[Crawled caption data]
══════════════════════════════
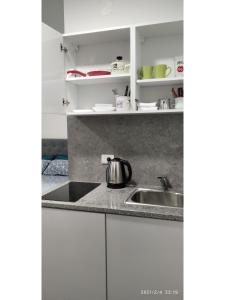 Dapur atau dapur kecil di Slatka Tajna +6 gambar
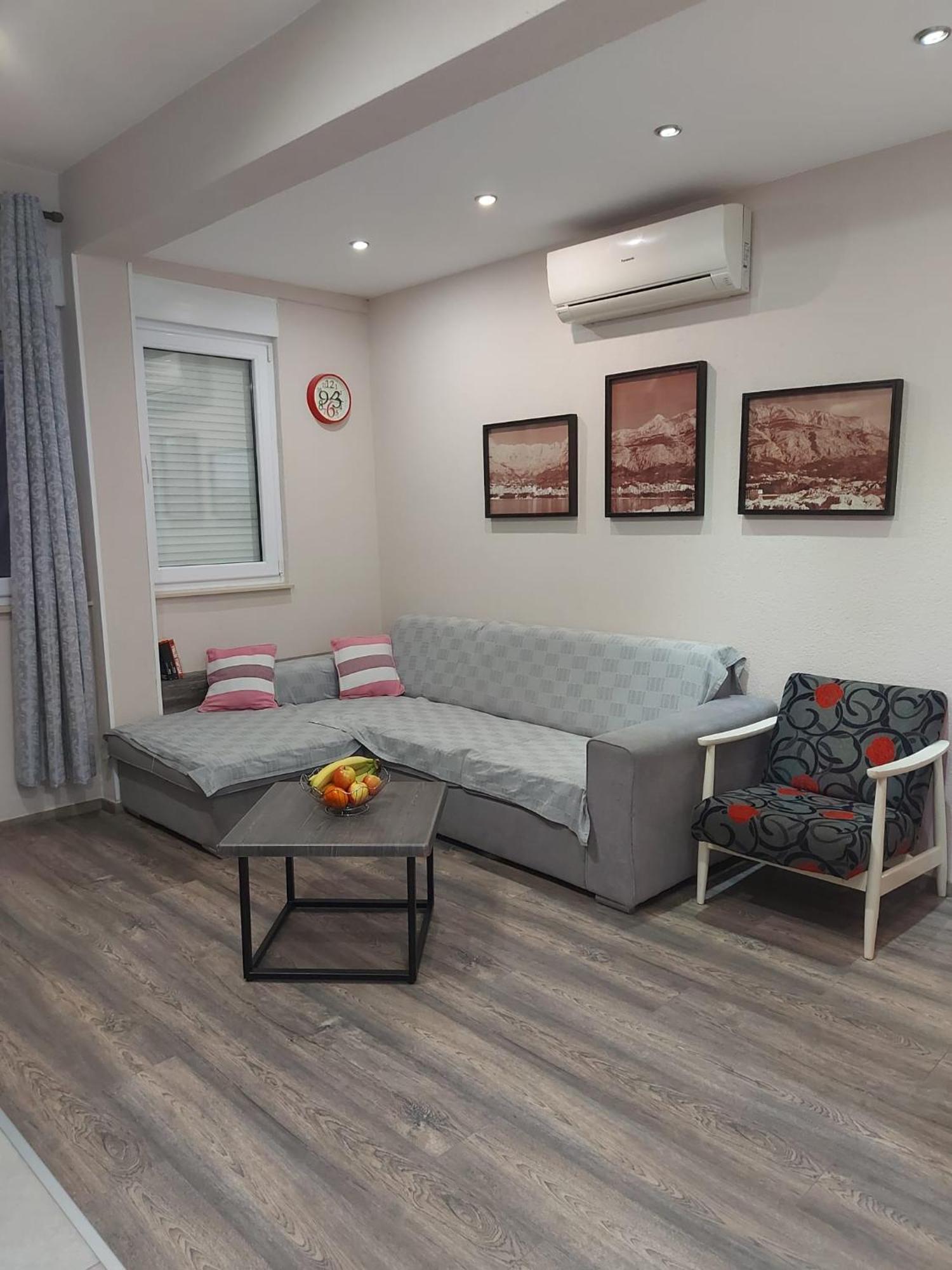 Dubravka Apartament *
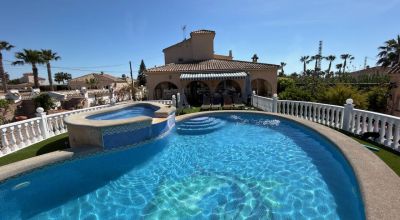 Country Property - Sale - Catral - Catral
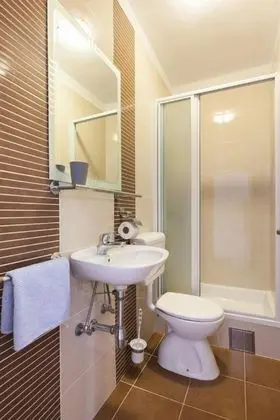 Apart Daire (Nataša -100m from sea - A2(9))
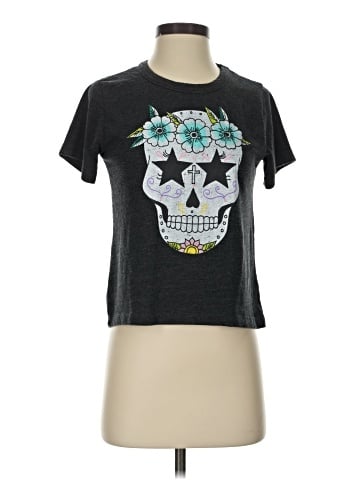 Chaser Short Sleeve T-Shirt (view 1)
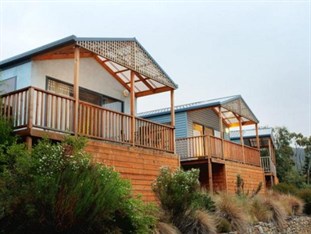 Agoda.com Australia Apartments & Hotels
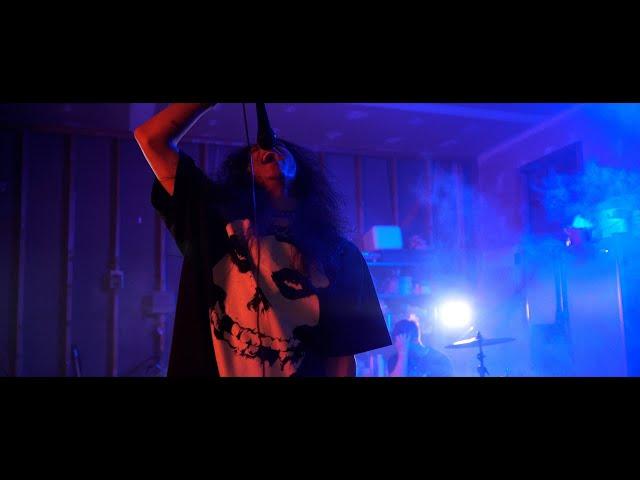 Damien Styles - Mama I'm a Deadman (Official Music Video)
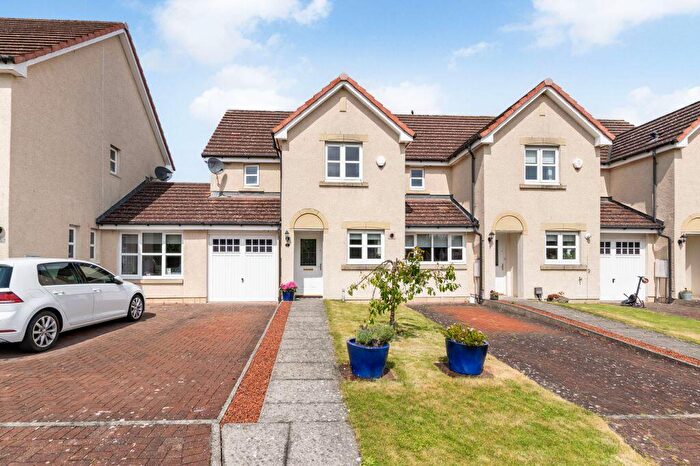 3 Bedroom End Of Terrace House For Sale In Buie Brae, Kirkliston, EH29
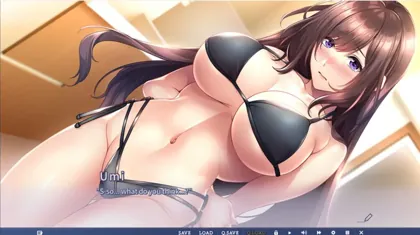 Game — scene screenshot (3)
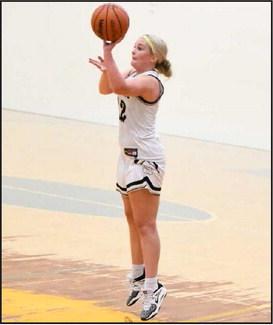 BRAELYN POINTER - Sudan Nettes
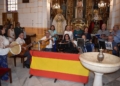 WhatsApp Image 2023 10 12 at 12.06.29 La Guardia Civil celebra con el día del Pilar sus 130 años en Melilla
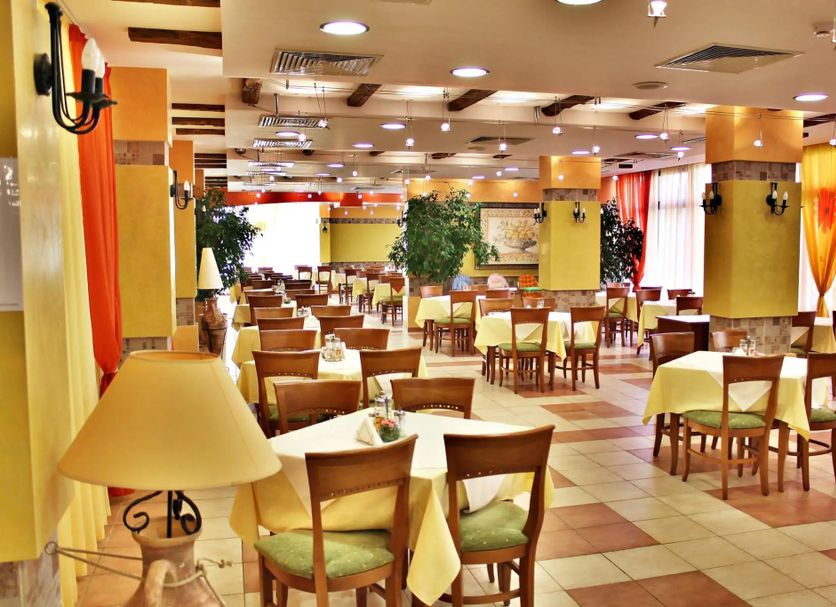 Restoran Fotoğraf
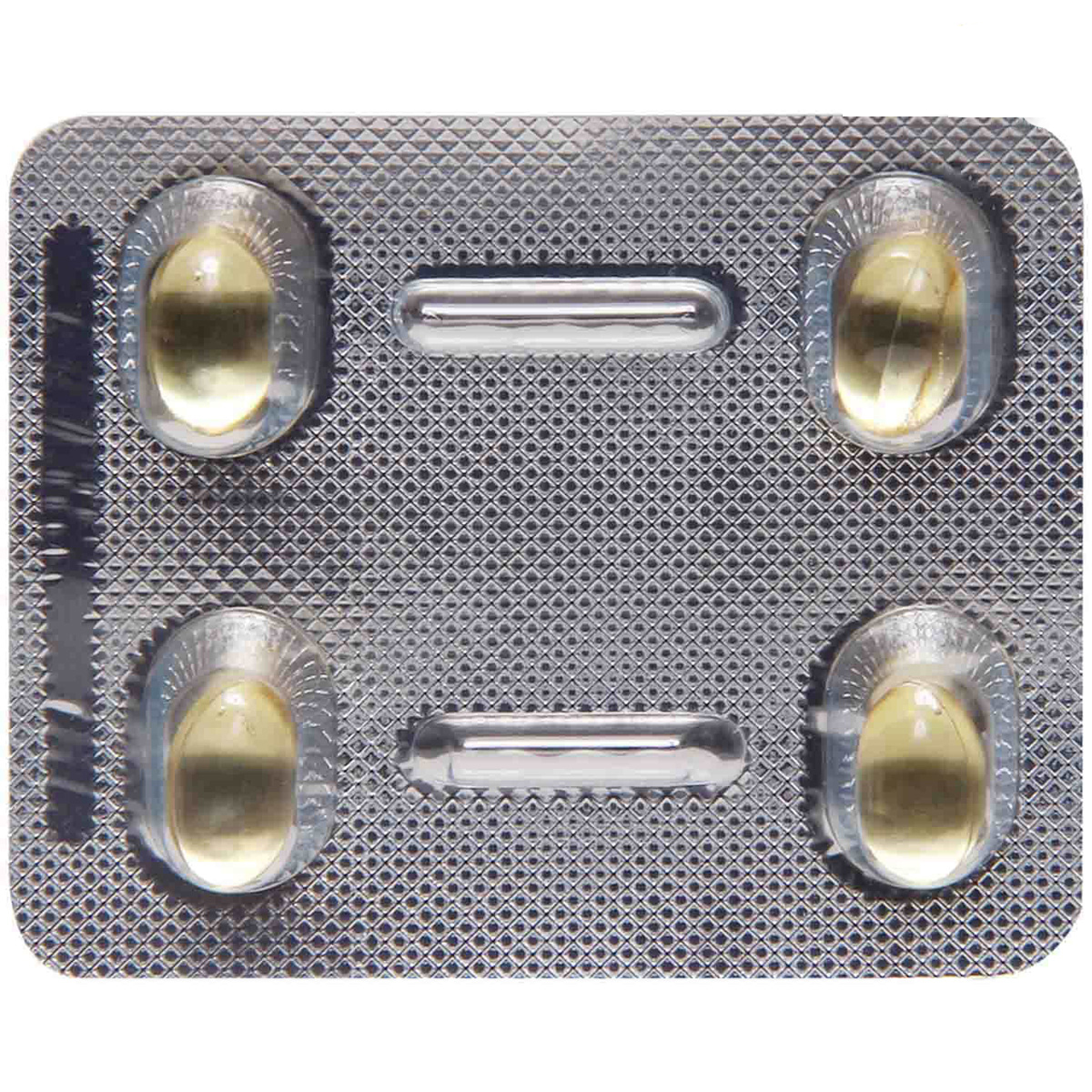 Vitanova-D3 SG Capsule 4's, Pack of 4 Vitanova-D3 SG Capsule 4's, Pack of 4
══════════════════════════════
**PROBLEM:**
The line containing "Game — scene screenshot (3)" marks where the copy ends; print every line before it from the start of the records, and that line too, but no pictures.

**EXERCISE OUTPUT:**
 Dapur atau dapur kecil di Slatka Tajna +6 gambar
 Dubravka Apartament *
 Country Property - Sale - Catral - Catral
 Apart Daire (Nataša -100m from sea - A2(9))
 Chaser Short Sleeve T-Shirt (view 1)
 Agoda.com Australia Apartments & Hotels
 Damien Styles - Mama I'm a Deadman (Official Music Video)
 3 Bedroom End Of Terrace House For Sale In Buie Brae, Kirkliston, EH29
 Game — scene screenshot (3)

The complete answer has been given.